Summer Storm (1944)
7/10
Russian peasant vixen
25 April 2018
Summer Storm is an adaption of Anton Chekhov's play The Shooting Party updated so as to include the Russian Revolution and the upheavals in the social order it brought. But certain things are both international and eternal. As this one where a beautiful peasant girl uses her looks and charm to get ahead in a society that didn't have any feminist notions.

Linda Darnell is our beautiful and alluring female protagonist. She's a peasant girl who is on the estate of Count Edward Everett Horton and before the film is over she gets the hormones going for Horton, for his estate manager Hugo Haas and for Judge George Sanders.
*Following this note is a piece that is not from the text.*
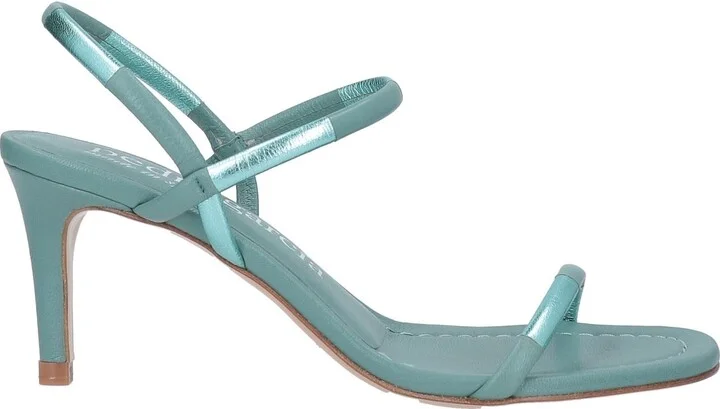 Pedro García Woman Sandals - Image 3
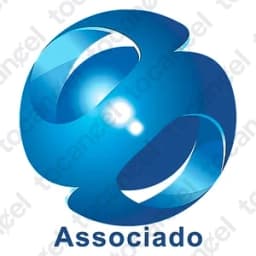 Servdonto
This was a bit of interesting casting for Sanders as he was in fact born in old Russia and according to his biographer and colleague Brian Aherne had a bit more of that temperament in his nature than you would realize. But for all of his position and sophistication he's addicted to love when it comes to Darnell.

This was also unusual casting for Edward Everett Horton who usually was playing silly fuss budgets in so many comedy films Some of that is here, but director Douglas Sirk got so much more from the character. As Sanders observes about the decadent Horton, he's everything that's wrong with the society that he is a part of.

Anna Lee is in Summer Storm also. She's the girl Sanders throws over for Darnell. But comes the Revolution and the worm really does turn.

It's not exactly what Chekhov had in mind, but Summer Storm is definitely worth a look for fans of the various cast members.